All pictures are to be skipped; retype only the lines from the top of the entries through the line with "Two plus three", both included.
[The records Boundary: Start]
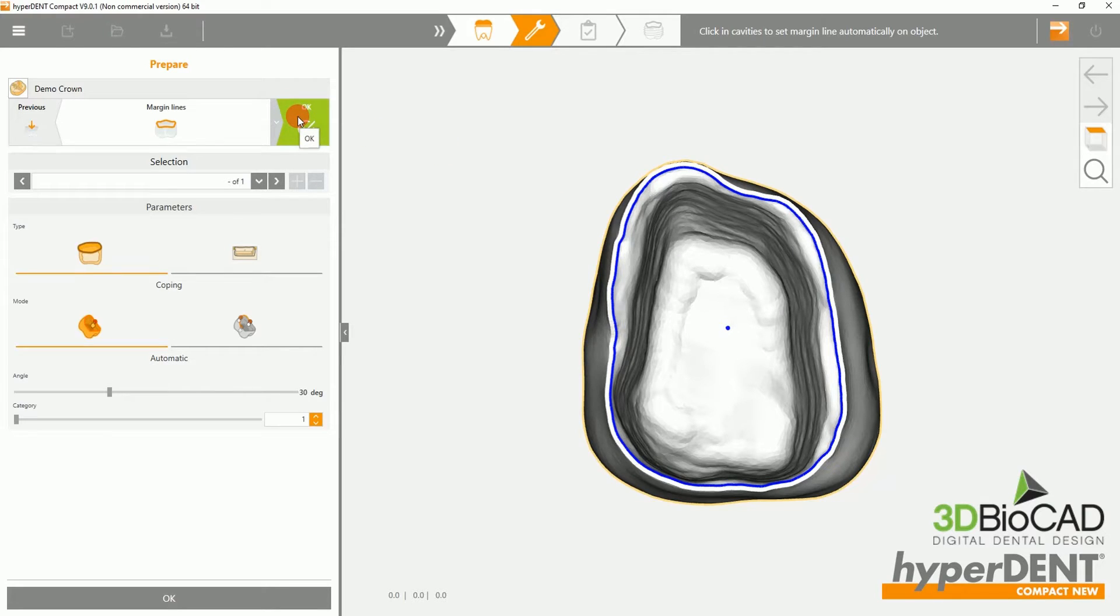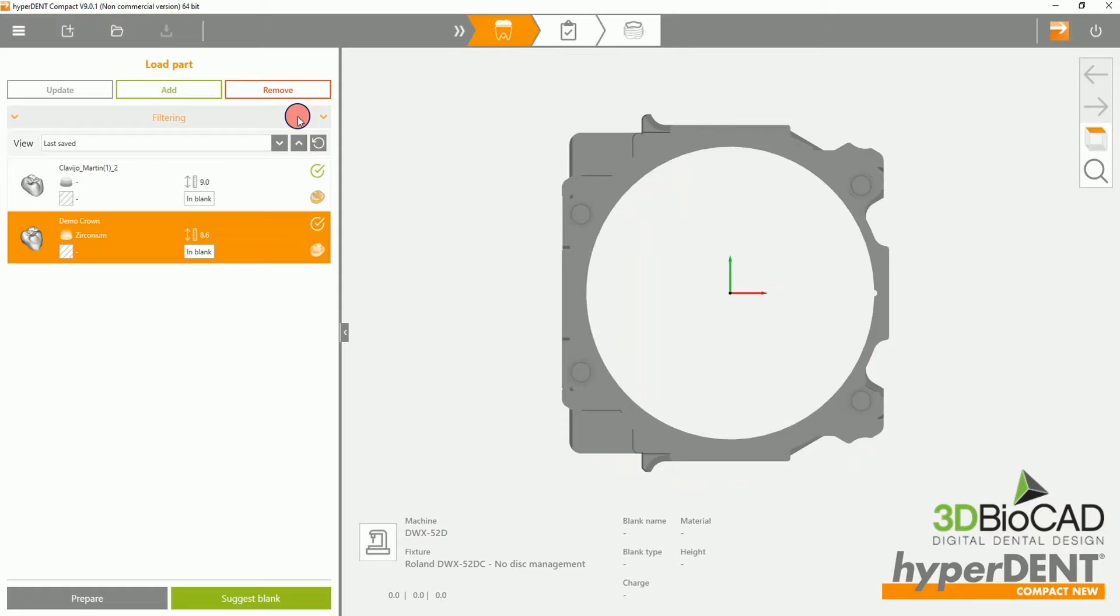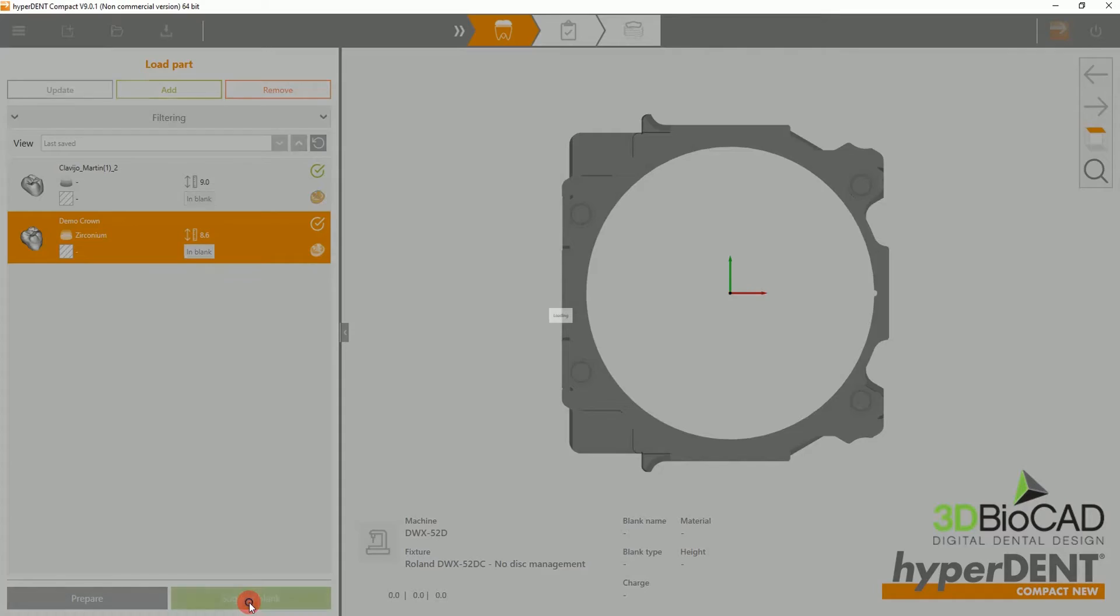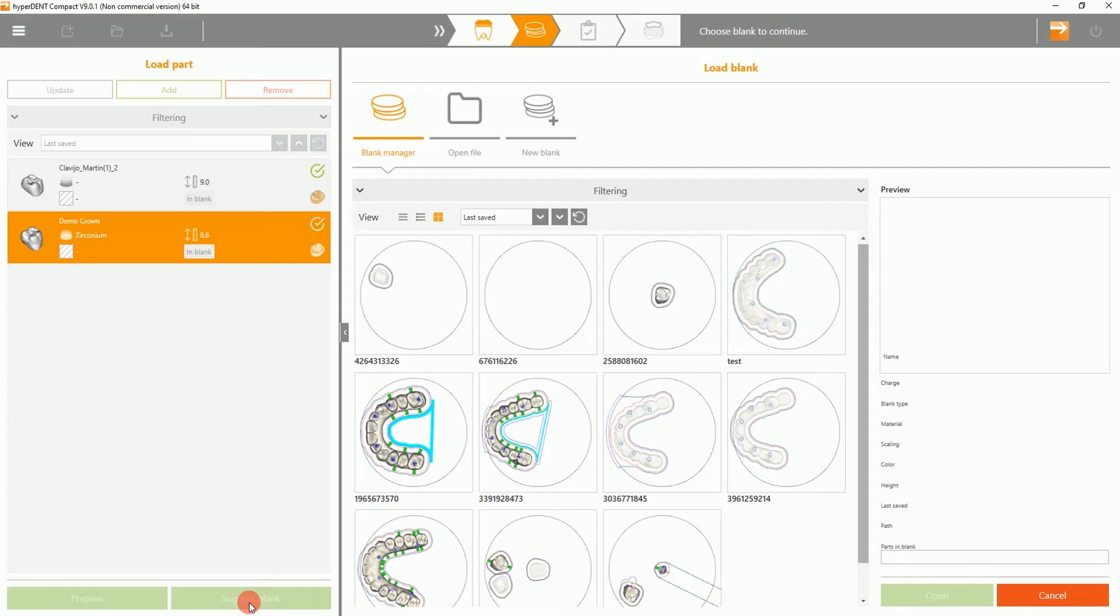Please select Next so we can load a blank. In this case, we will be using a new blank.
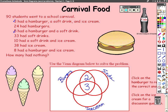Two plus three equals five. The second intersection is ten people who had soft drinks and ice cream, so the intersection value there is going to be seven. And then the last intersection of two circles is eight people who had hamburgers and ice cream — eight minus three gives us five.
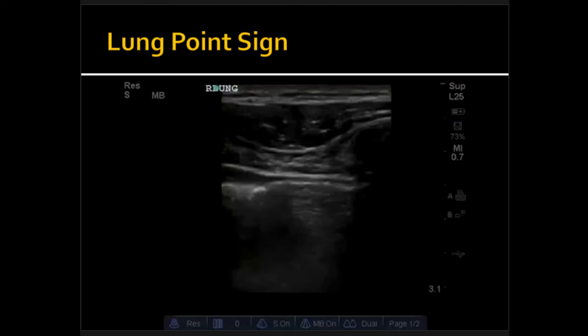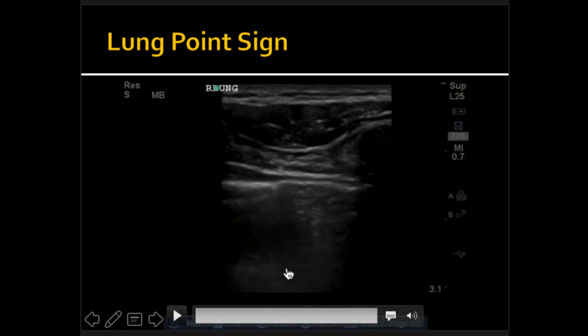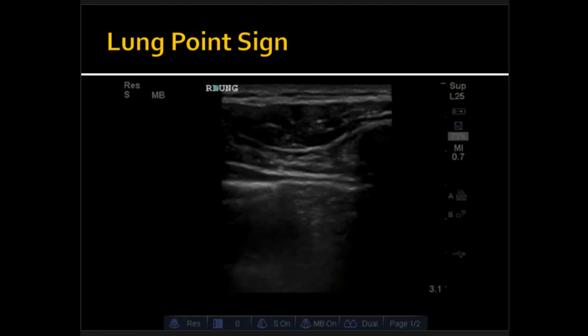If that's not convincing enough, you want to see the lung point, which on B-mode — the normal 2D mode — is the movement of pleural surfaces against a motionless pleura. Lung sliding transitioning to motionless pleura is 100% specific for pneumothorax. In M-mode, you'll see a sandy shore that turns into a barcode. Once you see that, that's pretty much diagnostic for pneumothorax.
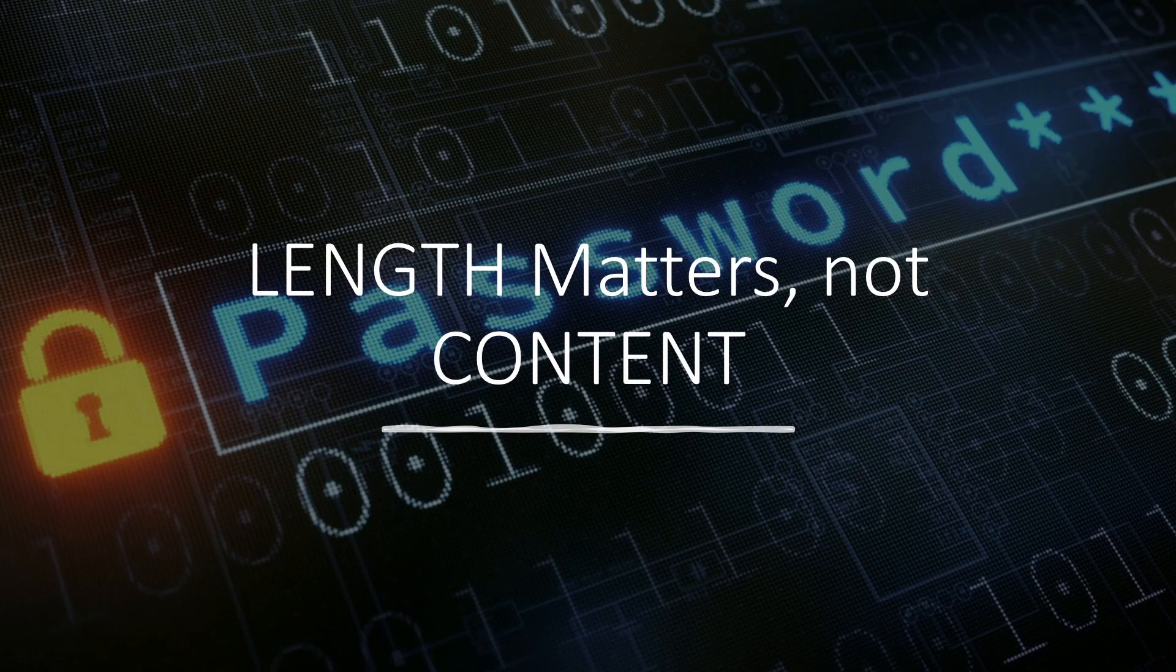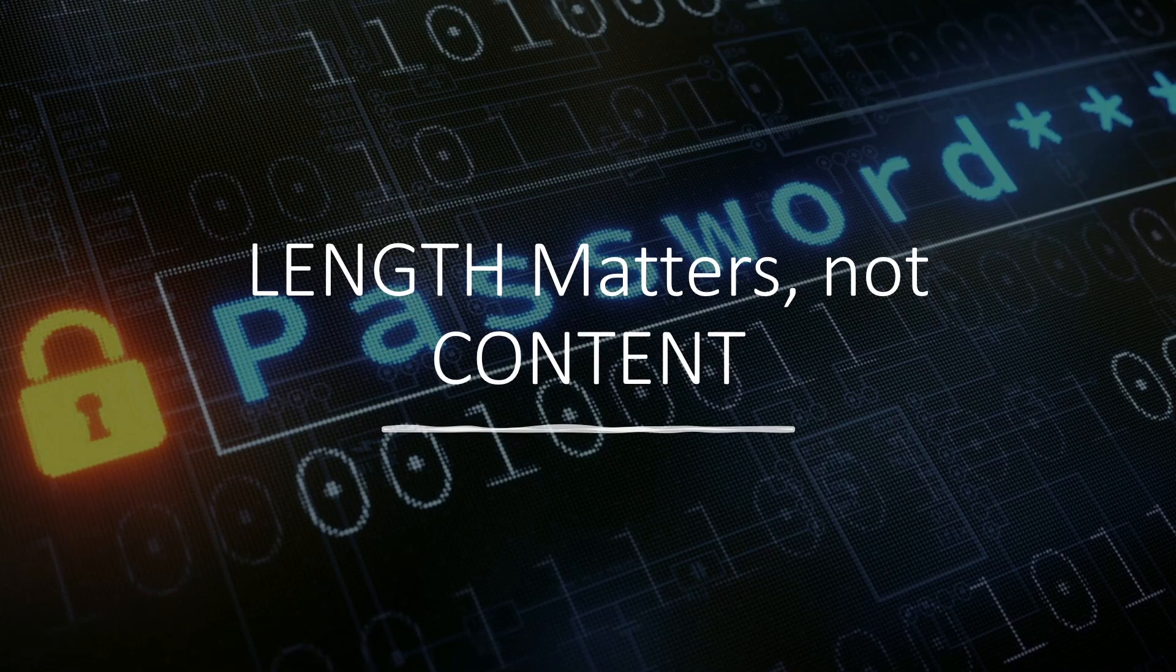Hello there hackers. Today we'll be talking about password security, and I want to say that what matters is the length of the password, not the content.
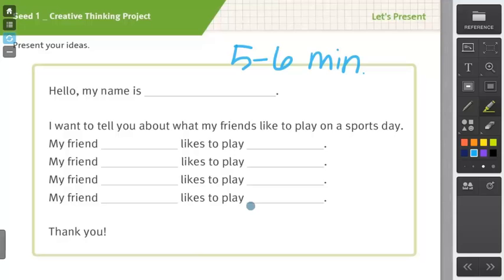And once they've finished practicing their script, then you have completed the creative thinking project for Class 2.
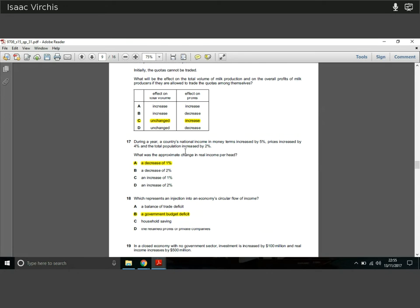Question seventeen: a country's national income in money terms increased by 5%, prices increased by 4%, and total population increased by 2%. Real income increased by only 1% (5% minus 4% price increase). But population grew by 2%, so real income per capita actually fell by approximately 1%. Getting those figures the right way around is really important.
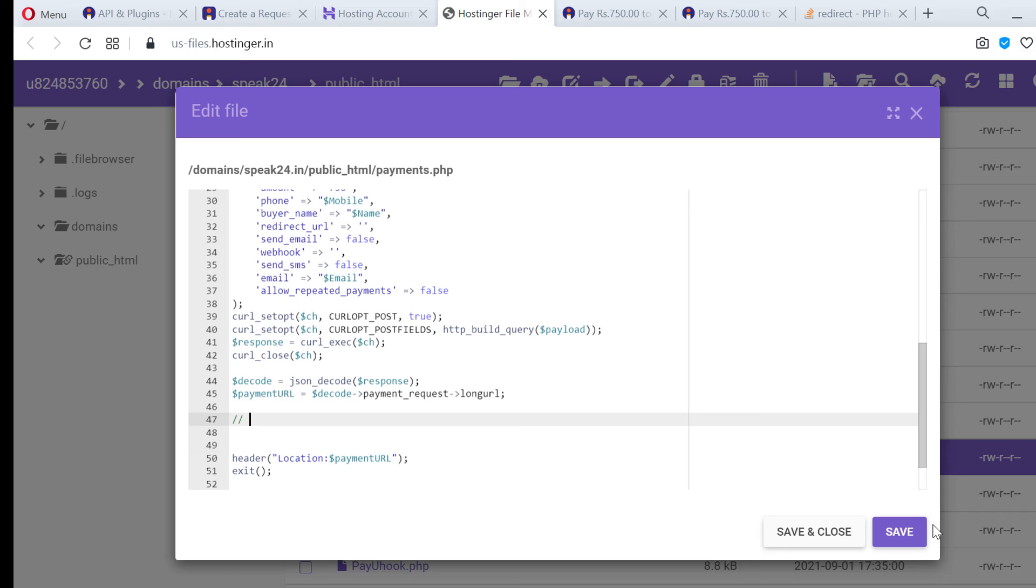Now we can write our code for MySQL data entry but we will do it in a separate video. Link will be available in the description.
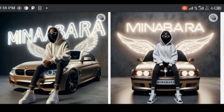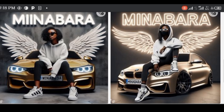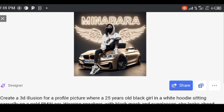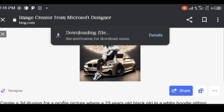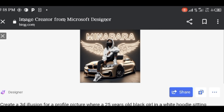I hope you understand and find this video interesting. Be creative. Create your own AI images as shown in this tutorial. Don't forget to like, comment, and share.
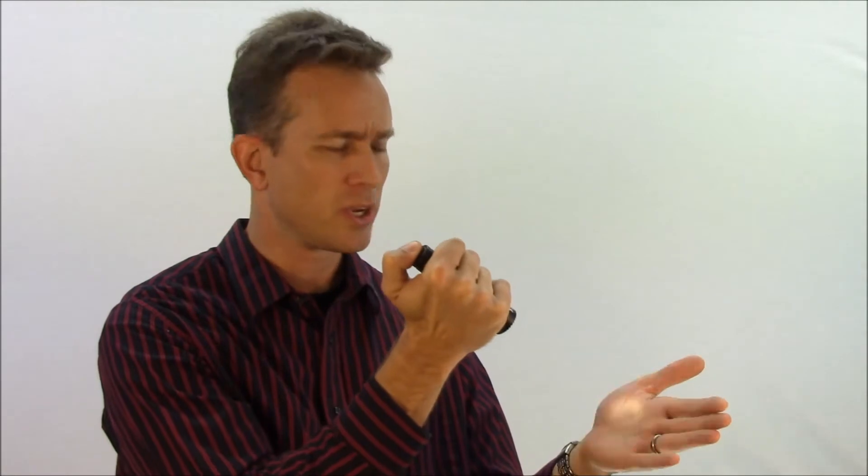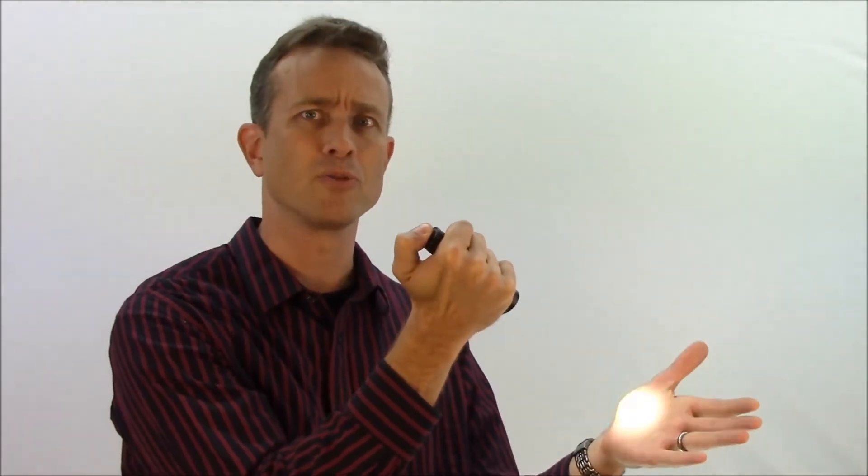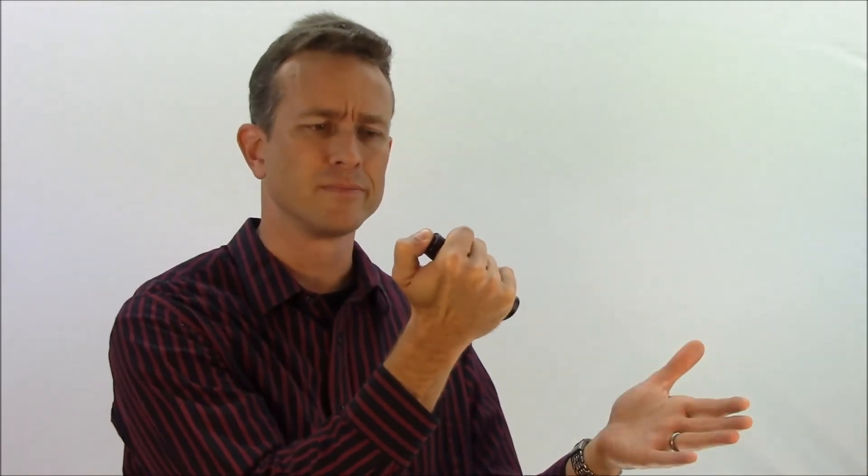This flashlight, for example, turns on and off with the push button. Nothing wrong with that. But to engage the strobe mode, which this flashlight has, you use the same push button and push multiple times until eventually the strobe mode comes on.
[The records Boundary: End]
Finished exercise
Please select Next so we can load a blank. In this case, we will be using a new blank.
Two plus three equals five. The second intersection is ten people who had soft drinks and ice cream, so the intersection value there is going to be seven. And then the last intersection of two circles is eight people who had hamburgers and ice cream — eight minus three gives us five.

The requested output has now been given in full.